Hi Uroš, > Please note two new instructions in the second asm dump. These are expanded > from .SAT_TRUNC and are not present in the first asm dump. > The problem here is that the presence of ustrunc{m}{n}2 optab in i386.md > prevents some optimization involving .MIN_EXPR that would result in better code. Would like to double confirm with you if vector mode of ustrunc{m}{n}2 has similar issue like this. If not, add single_use to match.pd may also effect on vector. For example, in RVV we may have a similar insn layout. <bb 5> [local count: 536870912]: _18 = MIN_EXPR <left_8, 4294967295>; // vminu iftmp.0_11 = (unsigned int) _18; // vcvt stream.avail_out = iftmp.0_11; // vmv left_37 = left_8 - _18; // vsub while .SAT_TRUNC somehow interferes with this optimization to produce: <bb 5> [local count: 536870912]: _45 = MIN_EXPR <left_8, 4294967295>; // vminu iftmp.0_11 = .SAT_TRUNC (left_8); // vnclipu stream.avail_out = iftmp.0_11; // vmv left_37 = left_8 - _45; // vsub
(In reply to Li Pan from comment #14) > Hi Uroš, > > > Please note two new instructions in the second asm dump. These are expanded > > from .SAT_TRUNC and are not present in the first asm dump. > > > The problem here is that the presence of ustrunc{m}{n}2 optab in i386.md > > prevents some optimization involving .MIN_EXPR that would result in better code. > > Would like to double confirm with you if vector mode of ustrunc{m}{n}2 has > similar issue like this. If not, add single_use to match.pd may also effect > on vector. Unfortunately, x86 has no vector mode .SAT_TRUNC instruction.

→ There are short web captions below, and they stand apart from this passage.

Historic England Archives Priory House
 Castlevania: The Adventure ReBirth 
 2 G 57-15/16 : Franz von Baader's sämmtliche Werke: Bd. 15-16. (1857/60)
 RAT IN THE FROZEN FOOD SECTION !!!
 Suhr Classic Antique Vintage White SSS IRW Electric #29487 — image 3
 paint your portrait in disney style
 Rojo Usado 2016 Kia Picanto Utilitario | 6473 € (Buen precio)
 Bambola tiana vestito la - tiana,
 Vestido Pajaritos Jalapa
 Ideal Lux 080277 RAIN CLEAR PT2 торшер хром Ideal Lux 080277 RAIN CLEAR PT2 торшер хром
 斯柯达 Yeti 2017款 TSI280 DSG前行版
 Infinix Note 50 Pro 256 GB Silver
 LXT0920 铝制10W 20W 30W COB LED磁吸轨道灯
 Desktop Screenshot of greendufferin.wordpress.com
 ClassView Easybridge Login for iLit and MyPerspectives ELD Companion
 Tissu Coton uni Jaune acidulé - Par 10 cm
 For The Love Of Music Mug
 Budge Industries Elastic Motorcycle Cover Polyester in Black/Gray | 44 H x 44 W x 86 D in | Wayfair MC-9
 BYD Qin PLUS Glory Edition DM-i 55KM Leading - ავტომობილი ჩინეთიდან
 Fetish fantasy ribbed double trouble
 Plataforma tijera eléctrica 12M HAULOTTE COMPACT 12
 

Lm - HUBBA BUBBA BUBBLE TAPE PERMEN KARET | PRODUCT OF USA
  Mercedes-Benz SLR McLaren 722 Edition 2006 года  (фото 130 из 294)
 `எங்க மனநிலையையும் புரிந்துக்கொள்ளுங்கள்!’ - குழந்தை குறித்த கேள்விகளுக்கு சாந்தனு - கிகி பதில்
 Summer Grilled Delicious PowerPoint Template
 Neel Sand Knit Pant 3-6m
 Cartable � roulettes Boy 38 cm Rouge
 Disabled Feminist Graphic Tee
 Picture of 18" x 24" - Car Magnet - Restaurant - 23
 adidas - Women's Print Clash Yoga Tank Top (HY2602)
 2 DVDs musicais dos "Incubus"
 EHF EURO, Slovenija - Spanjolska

> Unfortunately, x86 has no vector mode .SAT_TRUNC instruction. No, AVX512 supports both signed and unsigned saturation vpmovsdb:vpmovusdb vpmovsdw:vpmovusdw vpmovsqb:vpmovusqb vpmovsqd:vpmovusqd vpmovsqw:vpmovusqw vpmovswb:vpmovuswb vpmovsdb:vpmovusdb and we're working on a patch to support that.
(In reply to Hongtao Liu from comment #16) > > Unfortunately, x86 has no vector mode .SAT_TRUNC instruction. > No, AVX512 supports both signed and unsigned saturation Indeed. BTW: PACKUSmn (despite the name) is not what we are looking for.
(In reply to Uroš Bizjak from comment #17) > (In reply to Hongtao Liu from comment #16) > > > Unfortunately, x86 has no vector mode .SAT_TRUNC instruction. > > No, AVX512 supports both signed and unsigned saturation > Indeed. > > BTW: PACKUSmn (despite the name) is not what we are looking for. Indeed.
The master branch has been updated by Pan Li <panli@gcc.gnu.org>: https://gcc.gnu.org/g:02cc8494745c4235890ad58e93b5acce5a89a775 commit r15-2149-g02cc8494745c4235890ad58e93b5acce5a89a775 Author: Pan Li <pan2.li@intel.com> Date: Thu Jul 18 20:16:34 2024 +0800 Match: Only allow single use of MIN_EXPR for SAT_TRUNC form 2 [PR115863] The SAT_TRUNC form 2 has below pattern matching. From: _18 = MIN_EXPR <left_8, 4294967295>; iftmp.0_11 = (unsigned int) _18; To: _18 = MIN_EXPR <left_8, 4294967295>; iftmp.0_11 = .SAT_TRUNC (left_8); But if there is another use of _18 like below, the transform to the .SAT_TRUNC may have no earnings. For example: From: _18 = MIN_EXPR <left_8, 4294967295>; // op_0 def iftmp.0_11 = (unsigned int) _18; // op_0 stream.avail_out = iftmp.0_11; left_37 = left_8 - _18; // op_0 use To: _18 = MIN_EXPR <left_8, 4294967295>; // op_0 def iftmp.0_11 = .SAT_TRUNC (left_8); stream.avail_out = iftmp.0_11; left_37 = left_8 - _18; // op_0 use Pattern recog to .SAT_TRUNC cannot eliminate MIN_EXPR as above. Then the backend (for example x86/riscv) will have additional 2-3 more insns after pattern recog besides the MIN_EXPR. Thus, keep the normal truncation as is should be the better choose. The below testsuites are passed for this patch: 1. The rv64gcv fully regression tests. 2. The x86 bootstrap tests. 3. The x86 fully regression tests. PR target/115863 gcc/ChangeLog: * match.pd: Add single_use check for .SAT_TRUNC form 2. gcc/testsuite/ChangeLog: * gcc.target/i386/pr115863-1.c: New test. Signed-off-by: Pan Li <pan2.li@intel.com>
Declaring fixed. Thanks all!